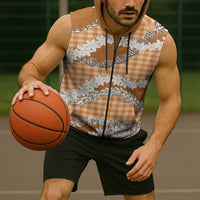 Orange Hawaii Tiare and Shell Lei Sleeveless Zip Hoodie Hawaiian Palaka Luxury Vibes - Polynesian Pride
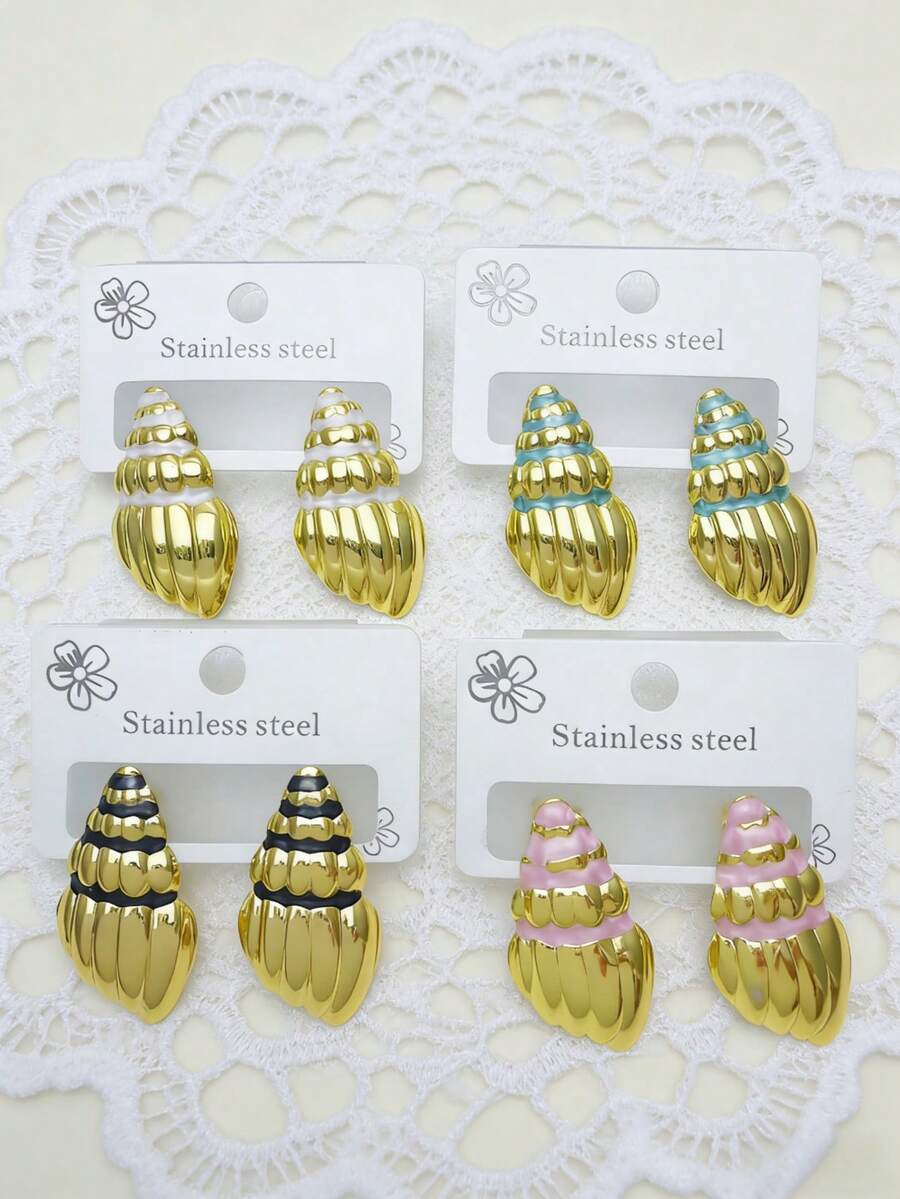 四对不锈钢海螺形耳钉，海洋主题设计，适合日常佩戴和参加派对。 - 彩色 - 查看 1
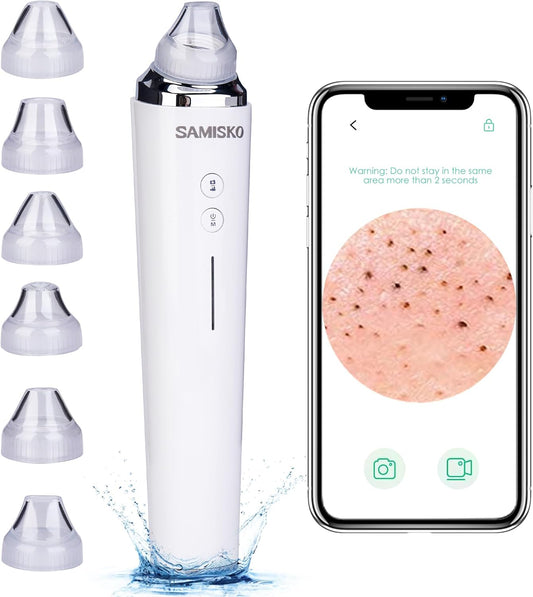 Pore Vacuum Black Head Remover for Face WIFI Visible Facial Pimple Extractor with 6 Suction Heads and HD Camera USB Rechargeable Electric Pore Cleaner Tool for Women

...

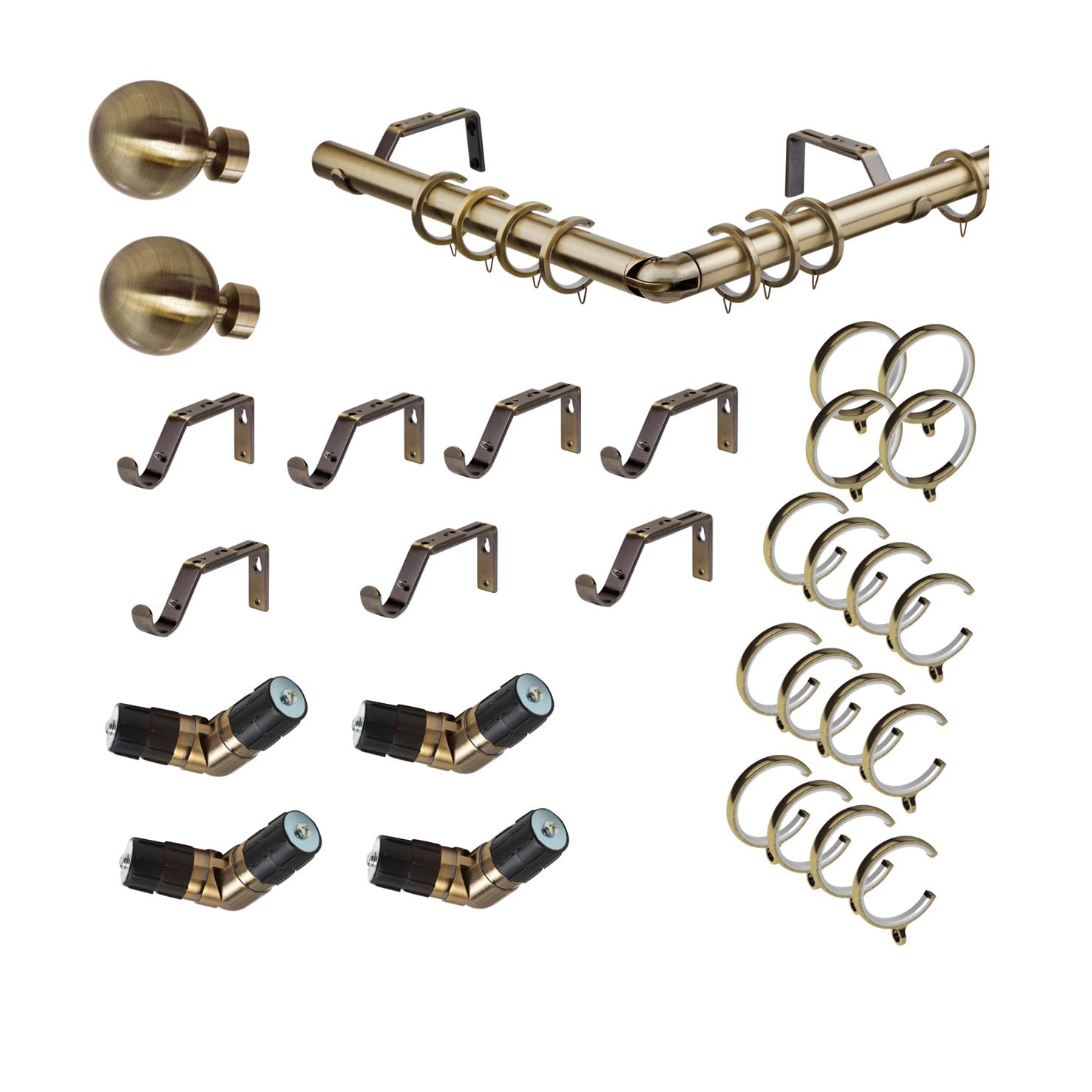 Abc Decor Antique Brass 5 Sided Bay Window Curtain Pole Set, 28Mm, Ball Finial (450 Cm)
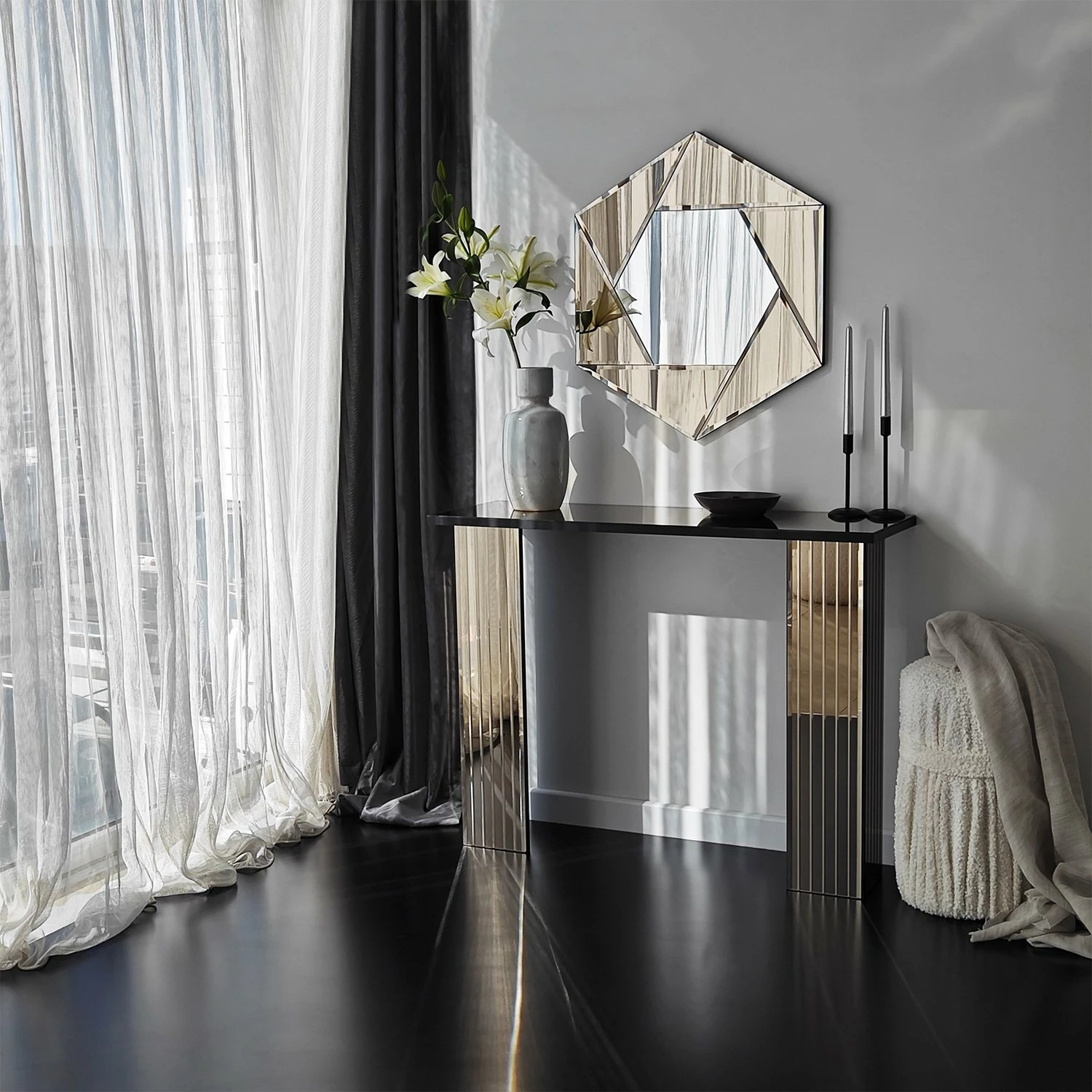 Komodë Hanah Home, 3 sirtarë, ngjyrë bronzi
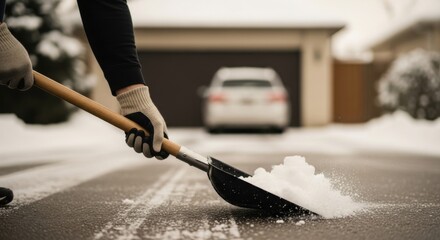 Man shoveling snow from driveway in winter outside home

* * *

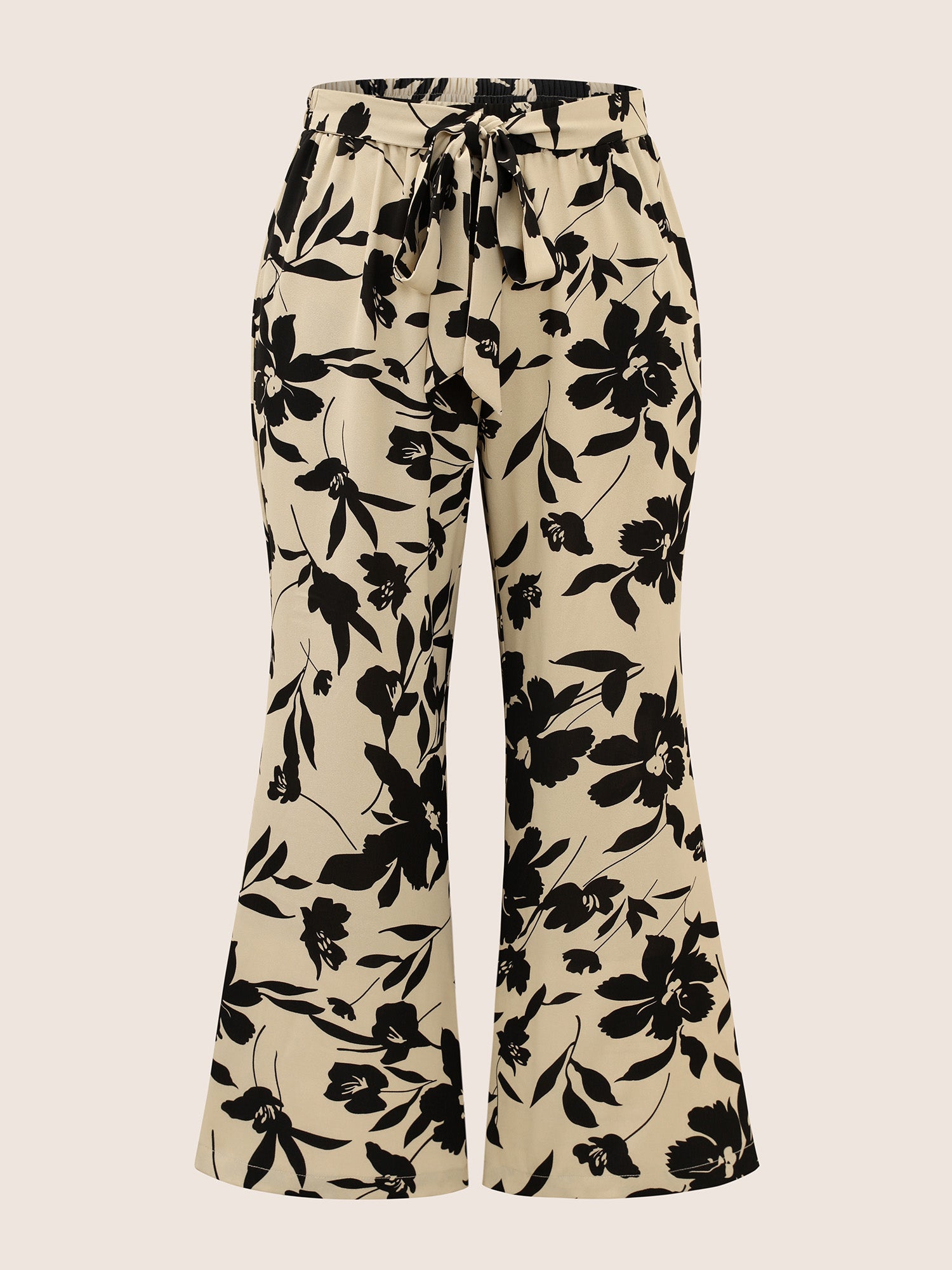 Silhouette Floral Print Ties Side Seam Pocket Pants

* [HOW TO COMPLETE THIS TASK] Using the data above, retype exactly the lines from the line with "Orange Hawaii Tiare" to the line with "Pore Vacuum Black", inclusive. No pictures and nothing else.

* [RESULT FOR THIS TASK]
 Orange Hawaii Tiare and Shell Lei Sleeveless Zip Hoodie Hawaiian Palaka Luxury Vibes - Polynesian Pride
 四对不锈钢海螺形耳钉，海洋主题设计，适合日常佩戴和参加派对。 - 彩色 - 查看 1
 Pore Vacuum Black Head Remover for Face WIFI Visible Facial Pimple Extractor with 6 Suction Heads and HD Camera USB Rechargeable Electric Pore Cleaner Tool for Women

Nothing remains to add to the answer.